Windows 7 Review: Seven Reasons Windows 7 Could be a Success/Failure
I got my first look at Windows 7 this week and my initial reaction was "so far, so good."
"So far" being the key phrase of that statement.
New operating systems (Microsoft officially releases Windows 7 on Oct. 22) are almost always an improvement, and will almost always generate some sort of enthusiasm or buzz within the first couple months.
But until the user sits down and gets a feel for what a new OS is all about (outside the VirtualBox), you're not going to understand the product's deficiencies ... or its notable improvements.
The reality being you need at least 4-6 months under your belt before you can conclude how successful an OS is for you. And that's the bottom line, how successful is this system to you and your work environment? [...]
The author then makes the case that some of the people who are praising Windows 7, are the same people who praised Windows Vista before it was released. Fair enough.

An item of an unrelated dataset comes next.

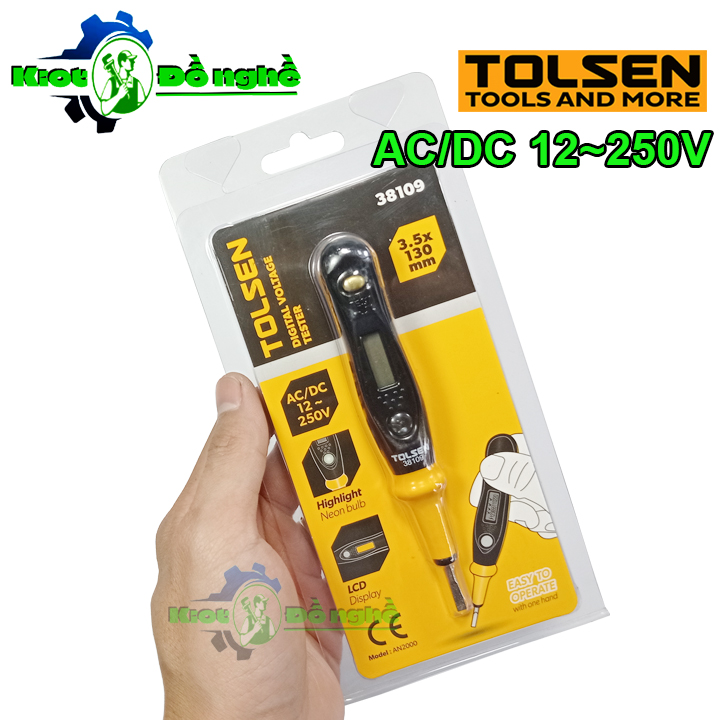 Bút thử điện 12-250v ac/dc tolsen 38109 - vít thử điện có màn hình lcd - kiot đồ nghề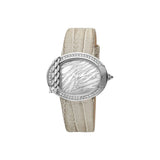 Just Cavalli Ladies Watch Animal Print Dial With Stone Ivory Color Leather Strap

So how should we judge it? What should we look at when we consider it's worthiness? He offers us seven reasons why Windows 7 could be a success, and seven reasons why it could be a failure. Read them and see what you think.
Here is another review:
Windows 7: Two Steps Forward, One Step Back
If you have ever climbed up a sand dune you understand the meaning of the catch phrase,
two steps forward, one step back.
If you are a Microsoft Windows user, or you are in the 85% of Mac users who also own a Windows PC (according to NPD Group's 2009 Household Penetration Study) then you have also been subject to the truth of this proverb.
I am not going to harp on Vista, which seems to be the new favorite pastime of many tech bloggers, I am going to acknowledge it as an important stepping stone to Windows 7. Windows 95 and XP were solid steps forward and Vista was the step that sunk back. Windows 7 has taken the next step forward and that is good for all of us, even if it did piggy back on some features of our other favorite operation system.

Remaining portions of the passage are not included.